▸ Exercise description: Every line from the first record below down to the line that includes "湖南、湖北一砂難求，重慶" must be reproduced exactly; the pictures are not.

▸ Data to use:
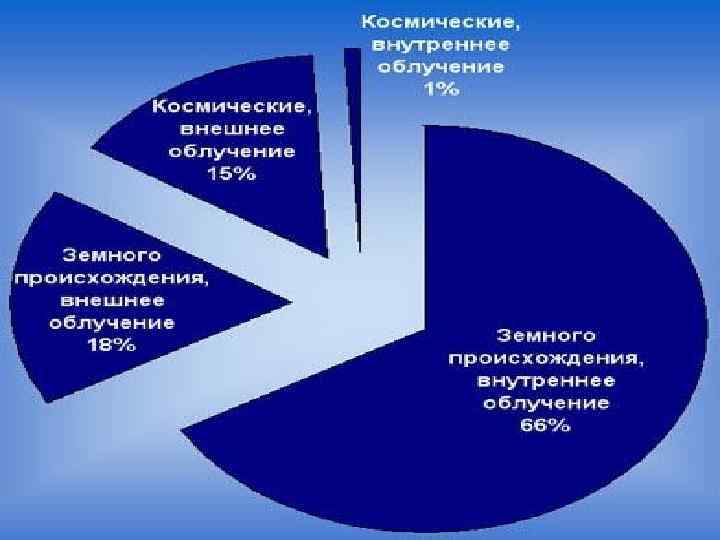 В целом, за счет источников космического излучения человек, живущий на уровне моря, получает в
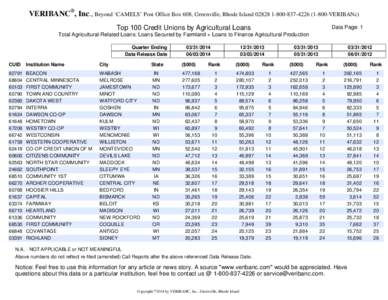 VERIBANC®, Inc., Beyond ‘CAMELS’ Post Office Box 608, Greenville, Rhode Island[removed][removed]VERIBANc) Top 100 Credit Unions by Agricultural Loans Data Page: 1  Total Agricultural-Related Loans: Loans 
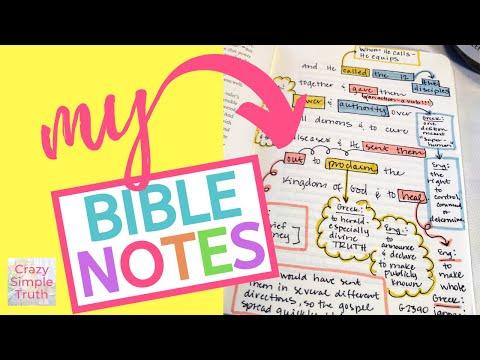 My Bible Notes (Luke 9:1-2) VERSE MAPPING NOTES
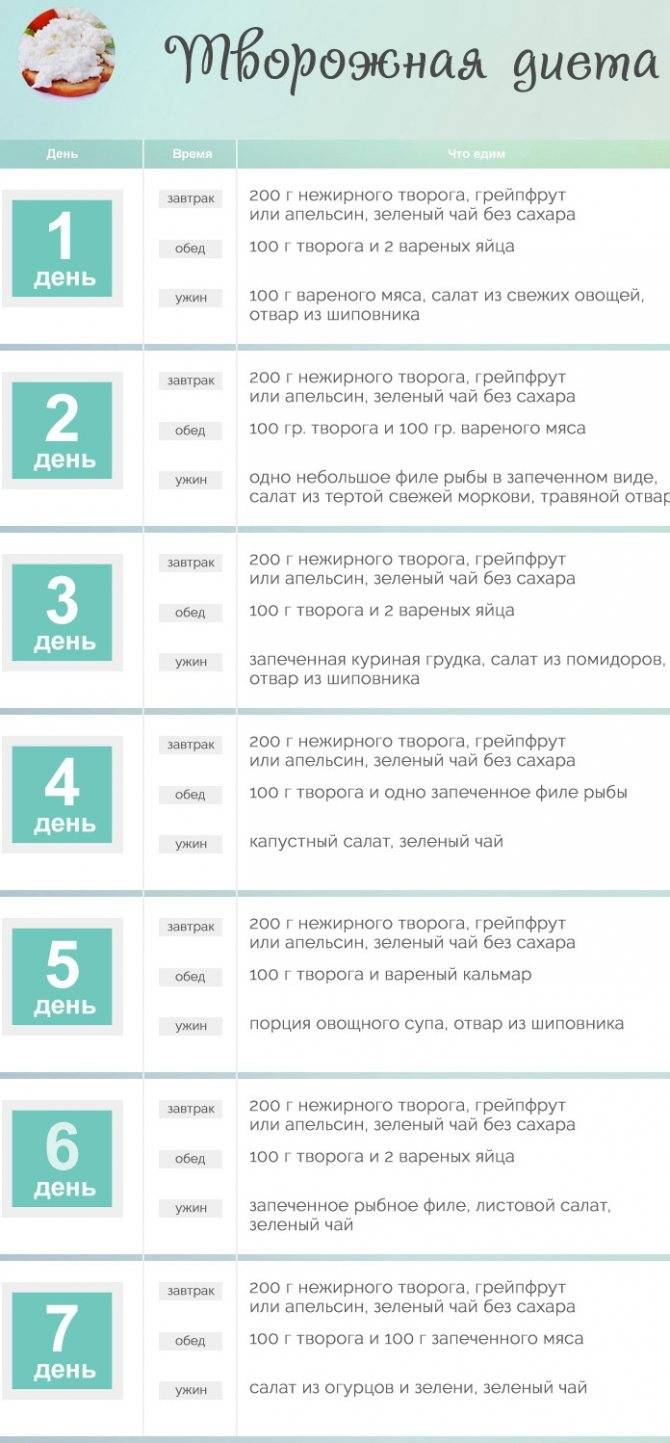 Огуречная диета для похудения на 10 кг за неделю: меню и отзывы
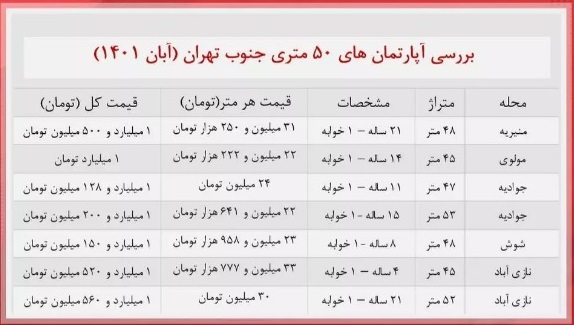 قیمت آپارتمان‌های ۵۰ متری جنوب تهران + جدول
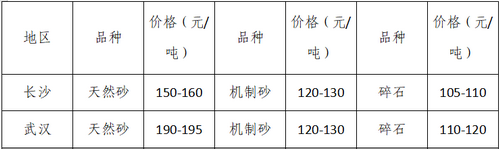 湖南、湖北一砂難求，重慶砂石廠關(guān)停——長(zhǎng)江砂石價(jià)格大漲！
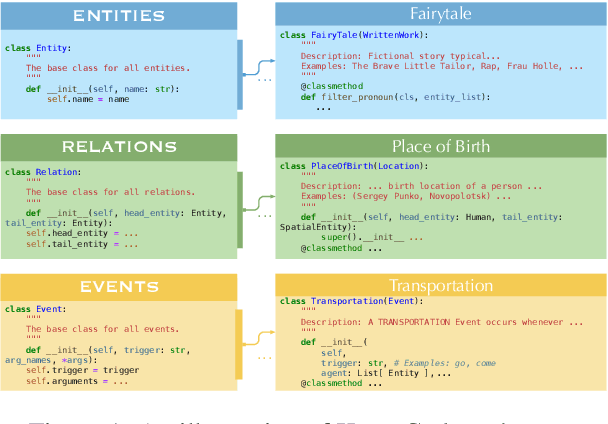 Figure 1 for KnowCoder: Coding Structured Knowledge into LLMs for Universal Information Extraction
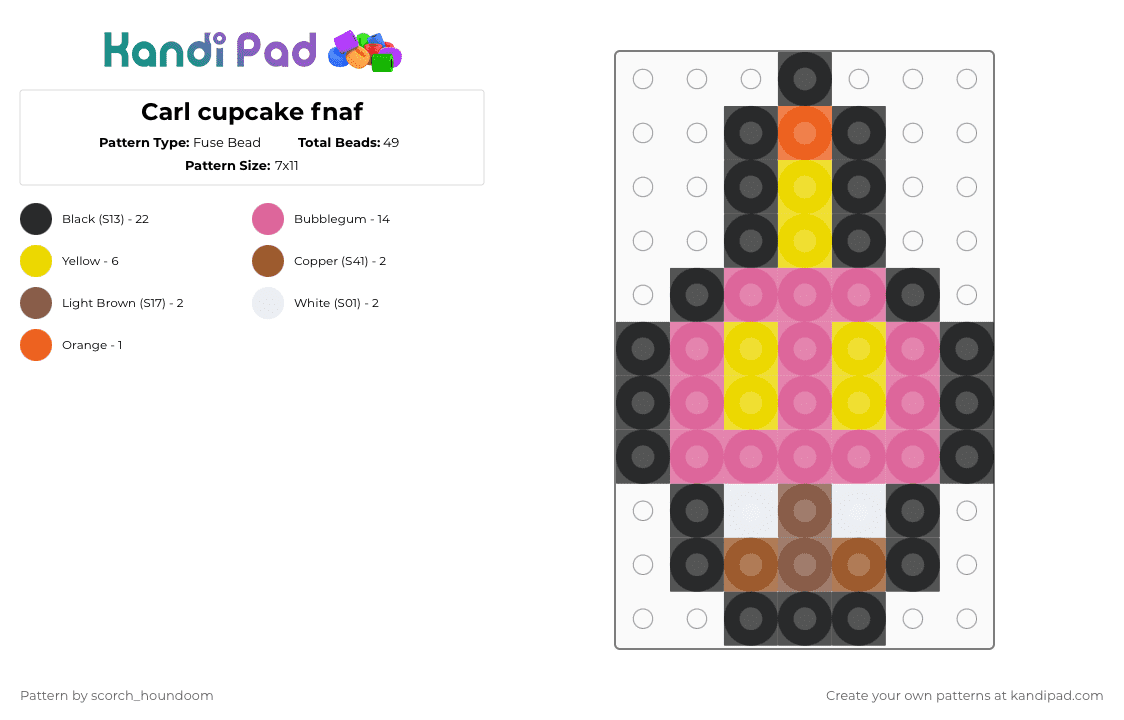 Carl cupcake fnaf - Fuse Bead Pattern by scorch_houndoom on Kandi Pad - pink,yellow,carl cupcake,fnaf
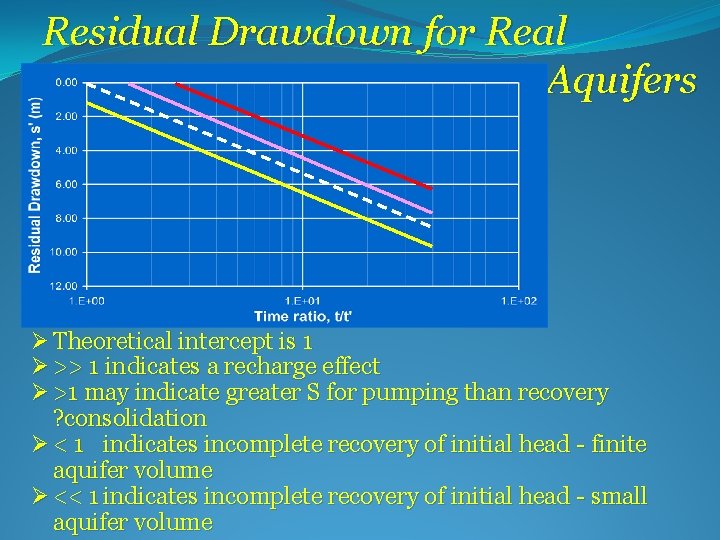 Residual Drawdown for Real Aquifers Ø Theoretical intercept is 1 Ø >> 1 indicates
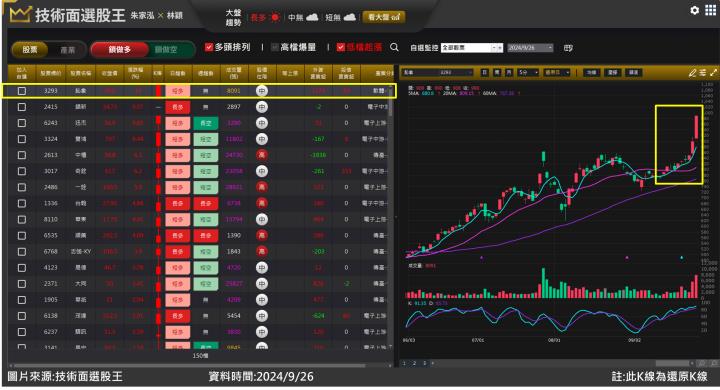 鈊象(3293)海外授權大賺進軍英國 如何卡位法說利多事件？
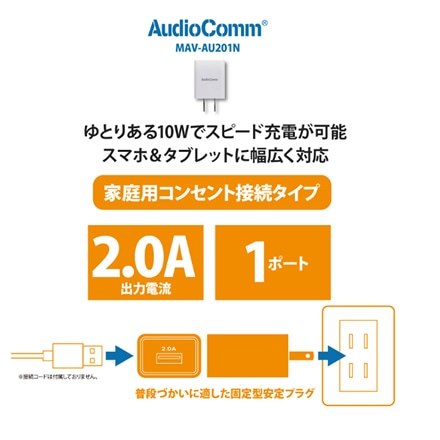 (LEDパネルライト AC充電器セット) ジェントス PLシリーズ PL-200R & 1ポートAC充電器（2A）(03-6192) セット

▸ Solved exercise:
 В целом, за счет источников космического излучения человек, живущий на уровне моря, получает в
 VERIBANC®, Inc., Beyond ‘CAMELS’ Post Office Box 608, Greenville, Rhode Island[removed][removed]VERIBANc) Top 100 Credit Unions by Agricultural Loans Data Page: 1  Total Agricultural-Related Loans: Loans 
 My Bible Notes (Luke 9:1-2) VERSE MAPPING NOTES
 Огуречная диета для похудения на 10 кг за неделю: меню и отзывы
 قیمت آپارتمان‌های ۵۰ متری جنوب تهران + جدول
 湖南、湖北一砂難求，重慶砂石廠關(guān)停——長(zhǎng)江砂石價(jià)格大漲！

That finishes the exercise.